What are the 10 key factors that will keep traders busy?

The market managed to eke out gains in yet another week of volatile and rangebound trade, and stayed in the green on the back of technology, metal, capital goods, oil and gas, and power stocks. Selling in healthcare, auto, and select FMCG stocks, however, capped the rise.

A mixed bag of quarterly earnings, no major expectations from the Union Budget 2023, continued FII selling, a hawkish tone by Fed officials and optimisim about China’s reopening kept the market rangebound for the week gone by. But still the market participants seem to be cautiously waiting for the Union Budget scheduled to be tabled by the finance minister on February 1, and also the outcome of the FOMC meeting due the same day.
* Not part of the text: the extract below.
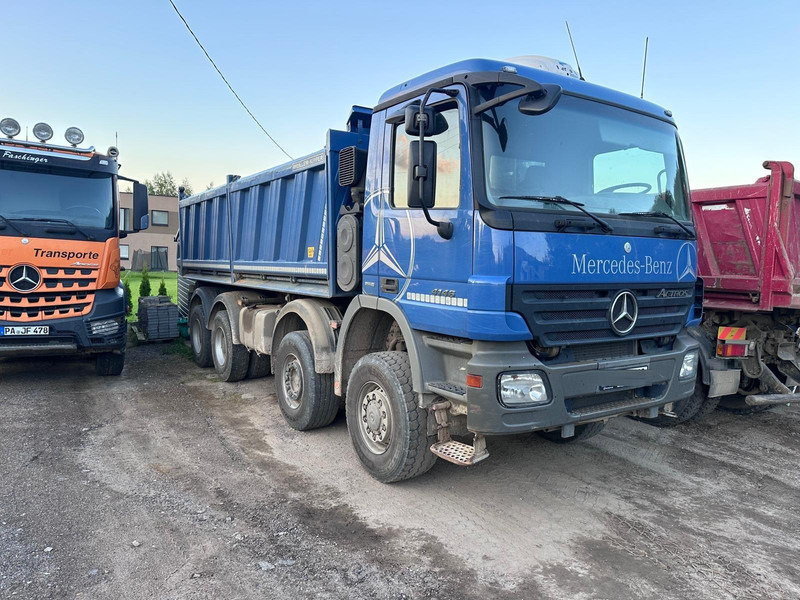 Mercedes-Benz Actros 4146, 8x6 - Caminhão basculante: foto 2 Mercedes-Benz Actros 4146, 8x6 - Caminhão basculante: foto 2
On Monday, the market will first react to quarterly earnings announced by major companies like Reliance Industries, ICICI Bank, Kotak Mahindra Bank and UltraTech Cement. Overall the coming holiday-shortened week, too, is expected to be rangebound and volatile amid expiry of monthly derivative contracts, with continuing stock specific actions due to quarterly earnings season, and eye on the Budget, experts said.

The BSE Sensex climbed 361 points to 60,622, and the Nifty50 jumped 71 points to 18,028, while the broader markets underperformed the benchmarks, with the Nifty Midcap 100 and Smallcap 100 indices falling 0.7 percent and 1.1 percent.

“Although we started the third quarter on a shaky note, the latest set of financial announcements from IT and banking blue chips are encouraging. Given the mixed undercurrents, the second line of Q3 and global market cues will determine the trend going forward,” Vinod Nair, Head of Research at Geojit Financial services, said.